W Polsce przykładem takiej formy zamieszkiwania są domy wielopokoleniowe w Łodzi i Nowych Żernikach we Wrocławiu czy Kamienica Wielopokoleniowa w Warszawie. Innym sposobem zamieszkania wielopokoleniowego jest łączenie studentów z osobami starszymi i wspólne zamieszkiwanie w domu opieki, czego przykładem może być Dom Seniora Humanitas w Deventer w Holandii lub oddolne budownictwo mieszkaniowe, jak cohousingi senioralne i wielopokoleniowe lub kooperatywy.

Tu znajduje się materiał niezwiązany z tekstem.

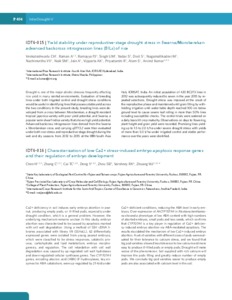 Characterization of low Ca2+ stress-induced embryo apoptosis response genes and their regulation of embryo development
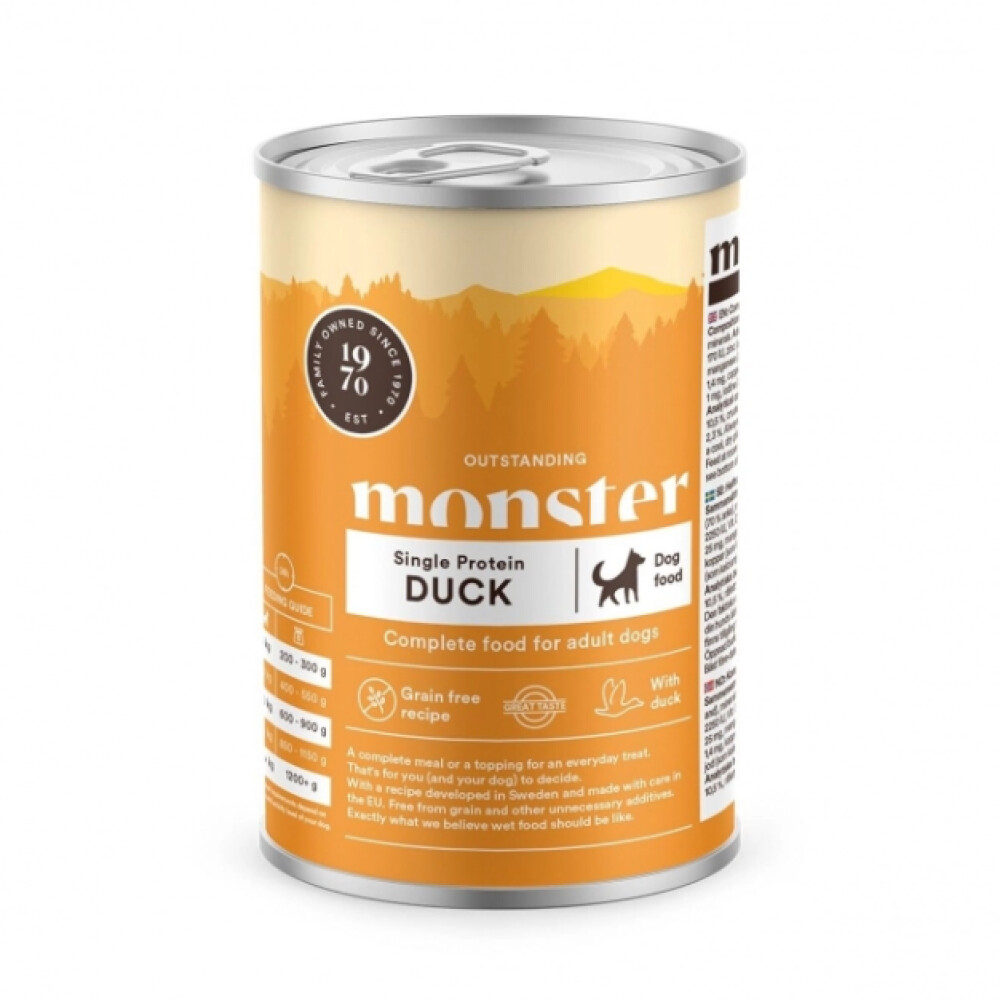 Monster Single protein Duck 400gr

Nowe inicjatywy mieszkaniowe
„Kolejną możliwością są formy mieszkaniowe łączące grupy o szczególnych potrzebach, tj. młode, samotne matki i osoby starsze, które stanowią dla siebie wsparcie: młode matki pomagają osobom starszym w zakupach czy sprzątaniu, a osoby starsze pomagają w usamodzielnieniu się młodych kobiet. Przykładem takiej inicjatywy jest Zabudowa mieszkaniowa organizacji Talita w Houten w Holandii” – dodała Labus.
Wybór odpowiedniej przestrzeni
Decyzja o wspólnym zamieszkaniu trzech pokoleń pod jednym dachem to nie tylko wyzwanie organizacyjne, ale także związane z przestrzenią. Jak wskazano w raporcie, zainteresowani zakupem domu z większą liczbą pokoi (4+) największy wybór będą mieli na rynku deweloperskim i wtórnym na Mazowszu, Dolnym Śląsku i w Małopolsce. Najmniejszy – w województwach świętokrzyskim i opolskim.
W województwie mazowieckim i małopolskim najwięcej ofert takich nieruchomości od deweloperów mieści się w przedziale cenowym od 1-1,5 miliona złotych. Na Dolnym Śląsku na rynku pierwotnym jest nieco taniej – najwięcej dostępnych ogłoszeń nowych domów kosztuje 600-800 tysięcy złotych. Natomiast największy odsetek wsród ofert domów deweloperskich dla wielopokoleniowej rodziny (4-pokojowych) w cenie 400-600 tysięcy złotych można znaleźć na Podkarpaciu, Warmii i Mazurach oraz w województwie lubuskim.